Server restarting, nothing in logs, ideas?

Hi,

I have a server that is restarting for no apparent reason with nothing in the logs to explain it.  The server is brand new with Windows SBS 2003 on it, I did a SwingMigration to it a couple of weeks back.

The server is a HP DL380 G5.  I swapped the server out with a brand new one last week (complete new server except the processor and hard drives) but the problem is still happening, random restarts once or twice a day.  It happens at different times, sometimes the middle of the night, sometimes in the morning, sometimes in the evening etc.  Server is connected to an APC UPS (which is a couple of years old), but the APC managment software shows no "power events".

I see nothing in the logs, just the usual event saying the server restarted unexpectedly.  No memory dump files, so I'm guessing it's not blue screening.  Been searching the drives for files modified around the time of the restart, nothing obvious.

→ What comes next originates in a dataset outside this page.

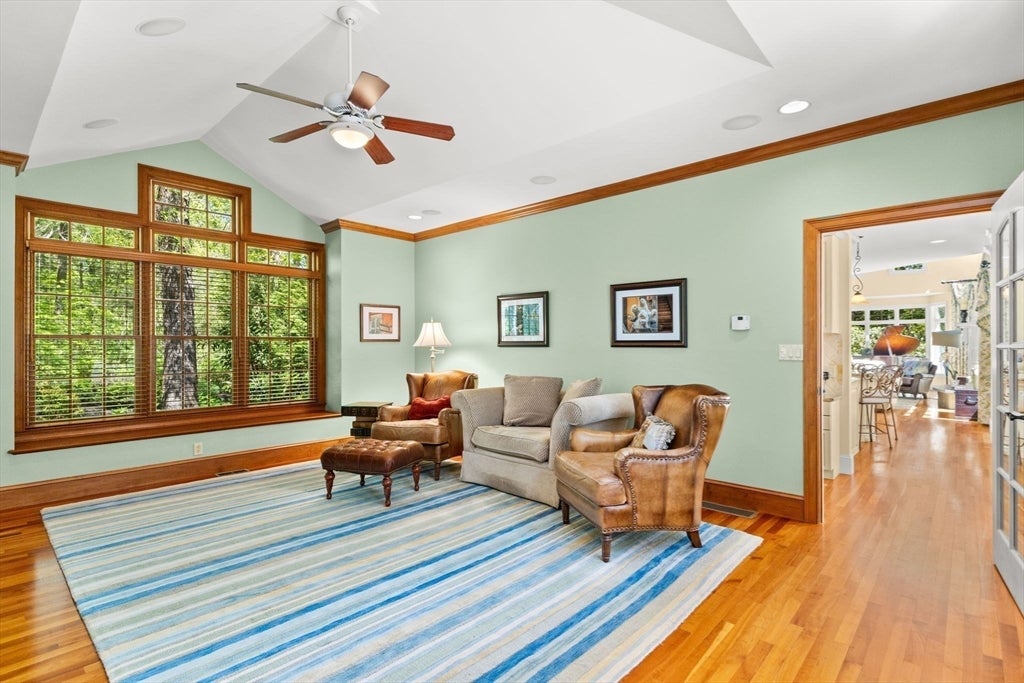 Lakeville, Massachusetts, 02347, United States, 5 Bedrooms Bedrooms, ,5 BathroomsBathrooms,Residential,Active,1867904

The fact that it's restarting so "silently" definitely says to me a likely hardware problem, but the only original parts are the UPS, the CPU and the drives (x5 146gb SAS drives, RAID5).  It's a dual CPU server and the CPUs are brand new so I'm not too inclined to suspect the CPU but let me know if this is a bad assumption.  I don't think the drives would cause a restart like this.  That leaves the UPS or Windows itself.  Any thoughts?  I can get somebody to plug the server directly into the mains instead of into the UPS but I'd like to have other plans prepared.

So I'm just looking for feedback on what you'd try to identify the cause of the restarts, first impressions etc.  All thoughts appreciated!  Thanks!
LVL 11
Zenith63Asked:
Who is Participating?
I wear a lot of hats...

"The solutions and answers provided on Experts Exchange have been extremely helpful to me over the last few years. I wear a lot of hats - Developer, Database Administrator, Help Desk, etc., so I know a lot of things but not a lot about one thing. Experts Exchange gives me answers from people who do know a lot about one thing, in a easy to use platform." -Todd S.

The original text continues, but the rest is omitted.